Write out, word for word and with no pictures, each line below from the one containing "White quadcopter drone" through the one containing "Dramatic sunset over", both included, and no other line.
Content starts
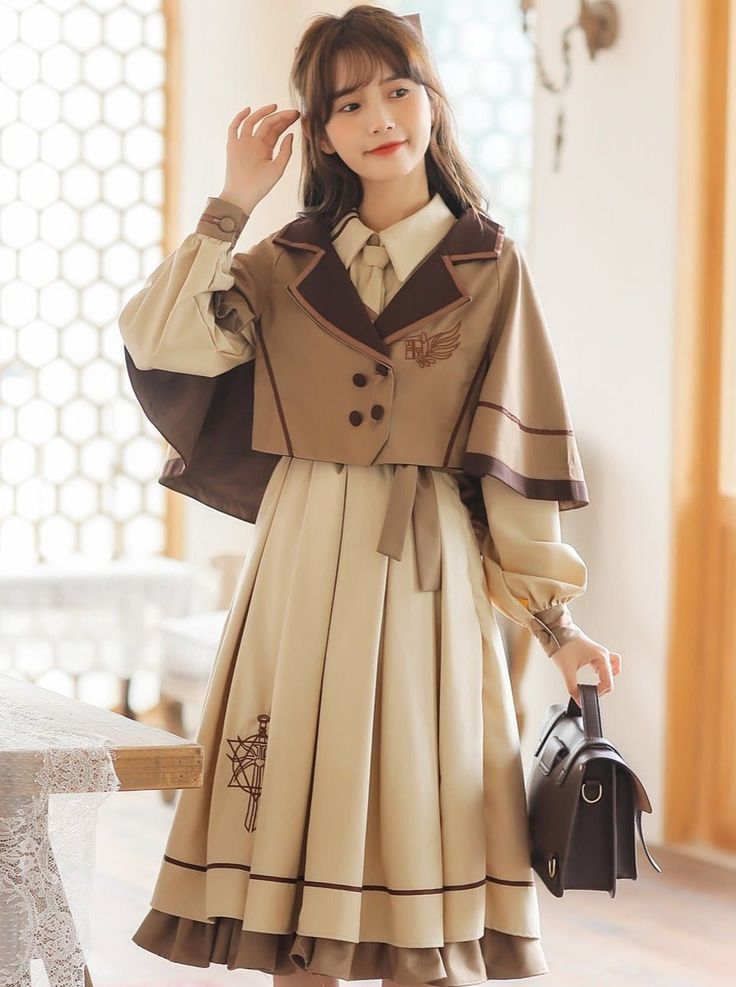 a young asian woman poses in a studio setting, showcasing a stylish lolitainspired outfit. she wears a beige dress with brown accents, a matching capelet, and a white blouse underneath. the dress features intricate embroidery and a flowing skirt. she carries a dark brown satchel and looks effortlessly chic.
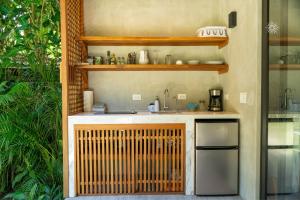 a kitchen with a sink and a counter at Serenity Bungalow in Cocles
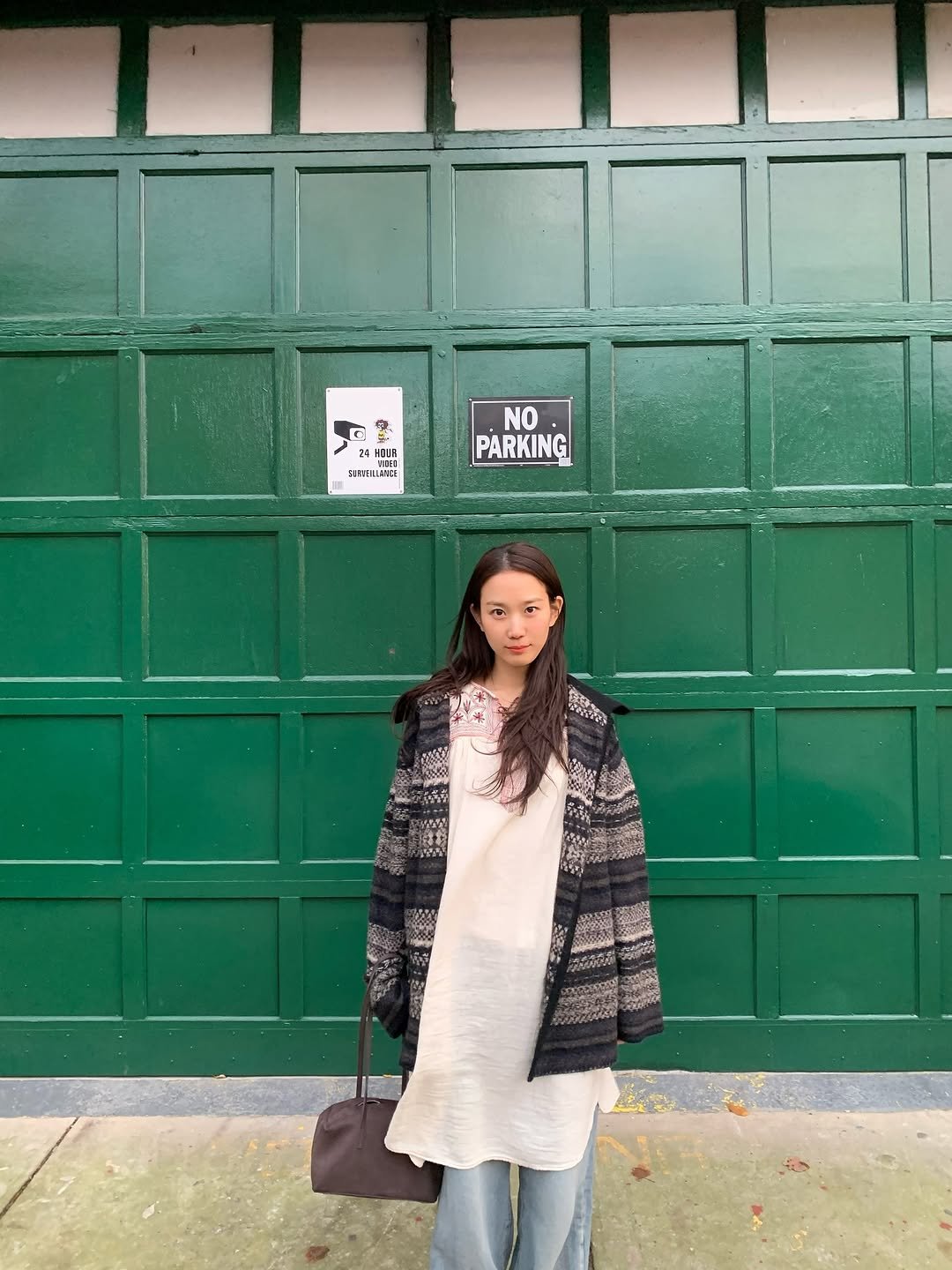 Photo by 장희령 on November 14, 2025. May be an image of overcoat, duffle coat, parka, turtleneck, door and text.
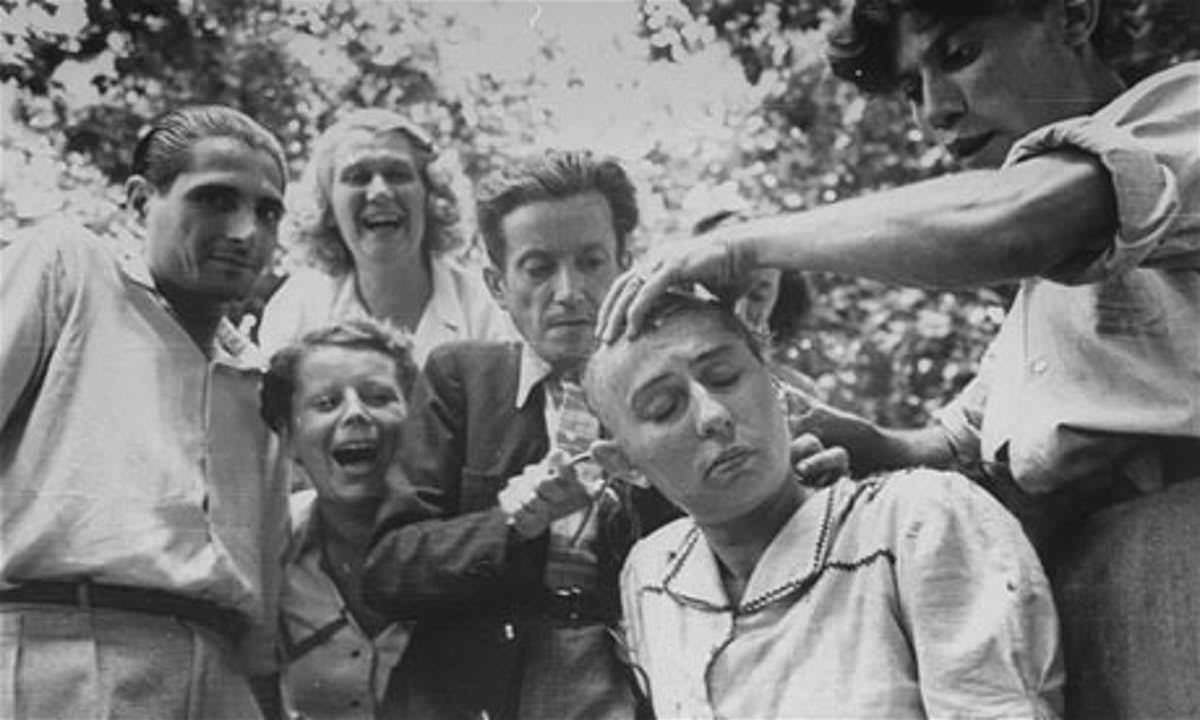 People jeer as a woman has her head shaved for having a relationship with a Nazi after the liberation of Marseilles, France in 1944. She would be stripped to her underwear, have the Swastika written on her forehead and paraded in the center of town shortly afterwards.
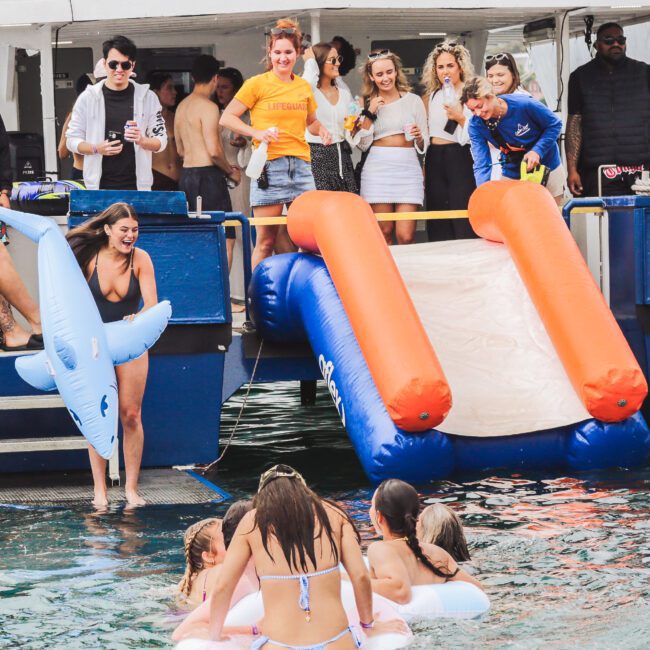 People enjoy a boat party with a water slide and inflatables. Several women in swimsuits are on a float in the water, while others on the boat watch and smile. A large sign reads "BAREFOOT BLUE.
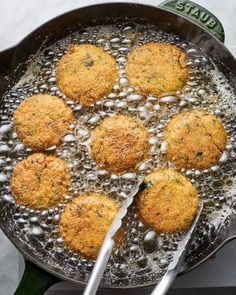 some food is cooking in a pan with water on the stove top and silver spoons next to it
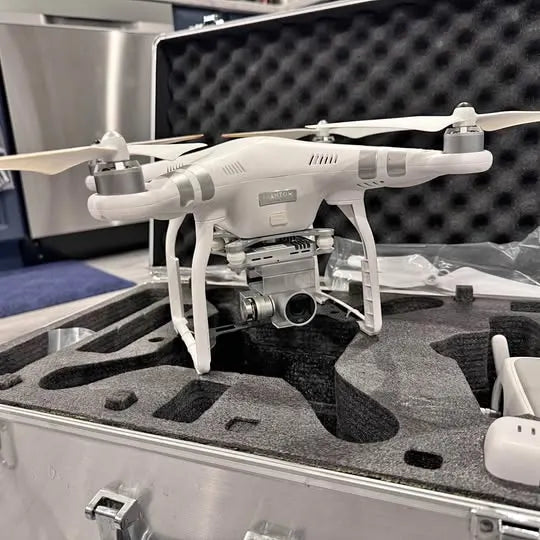 White quadcopter drone with four rotors in hard carrying case, front view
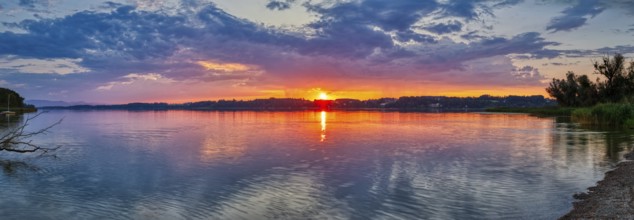 Dramatic sunset over a calm lake with reflecting water, Simssee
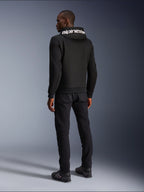 Alpinestars Chrome V2 Sport Hoodie, Black, rear view showing white Alpinestars branding on the hood, worn with black pants and riding shoes, casual urban motorcycle apparel with an athletic silhouette
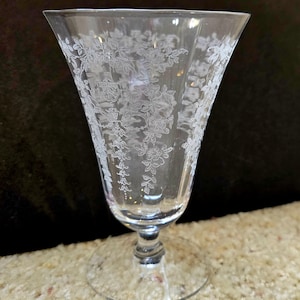 Könnte beinhalten: Ein klares Glas mit Stiel und einem geätzten Blumendesign. Das Glas hat eine ausgestellte Form und einen runden Fuß. Das florale Muster bedeckt das gesamte Glas und erzeugt ein zartes und elegantes Aussehen. Das Glas wird wahrscheinlich zum Servieren von Getränken verwendet.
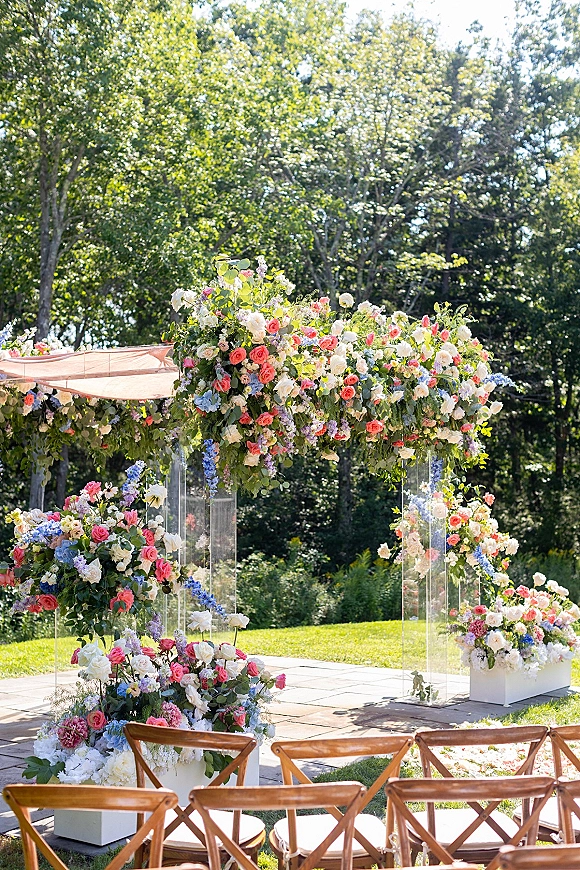 Wedding ceremony arch with pastel flowers and roses on clear acrylic columns, lined by aisle blooms on a sunlit lawn patio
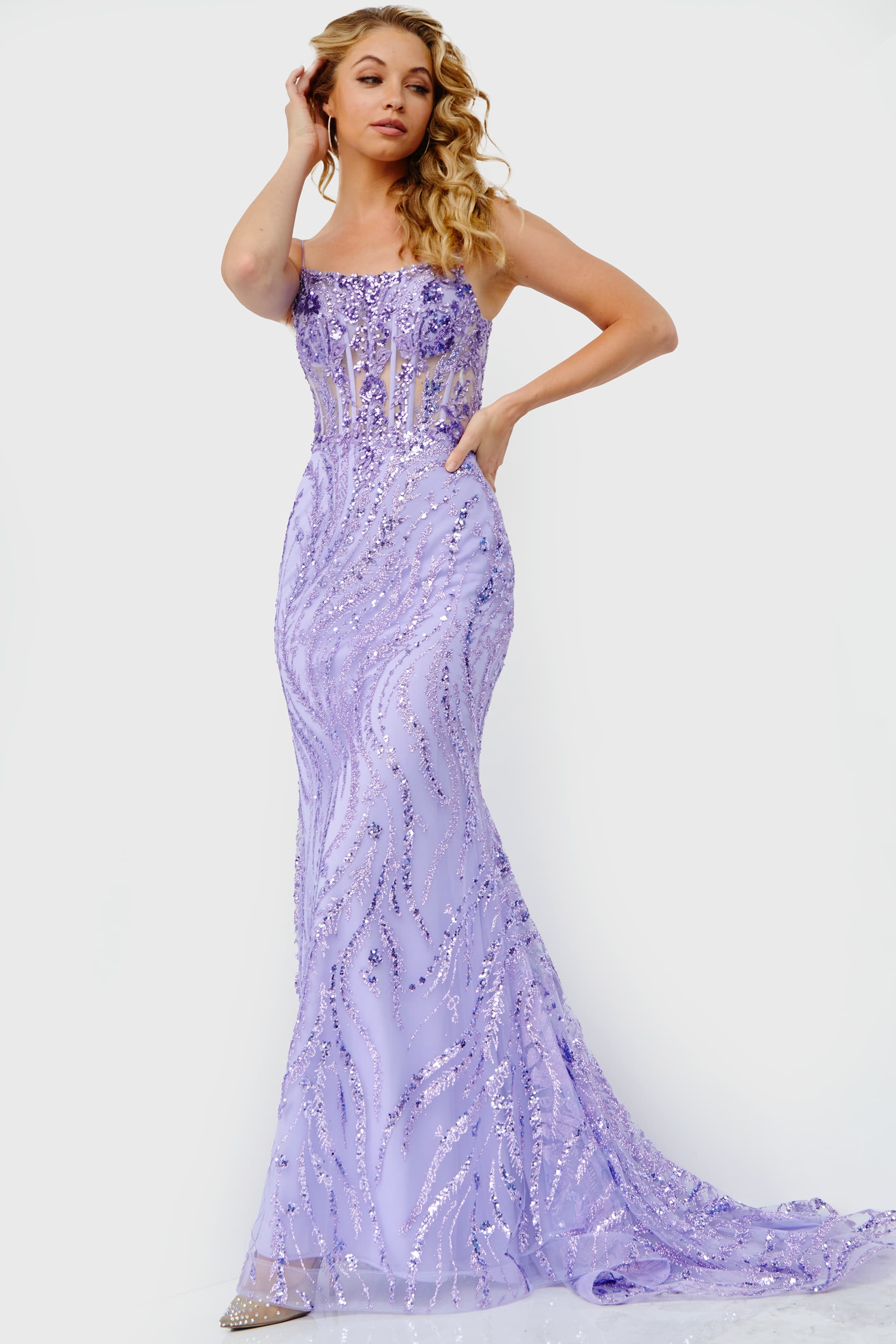 JVN23250-1-1.jpg Model wearing Jovani 23250 lilac mermaid gown with sequins and lace-up back.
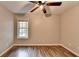 Cozy bedroom features wood-look floors, a ceiling fan, and a window with wood blinds at 5987 Turfway Park Ct, Sugar Hill, GA 30518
Content ends
**Result for this task:**
 White quadcopter drone with four rotors in hard carrying case, front view
 Dramatic sunset over a calm lake with reflecting water, Simssee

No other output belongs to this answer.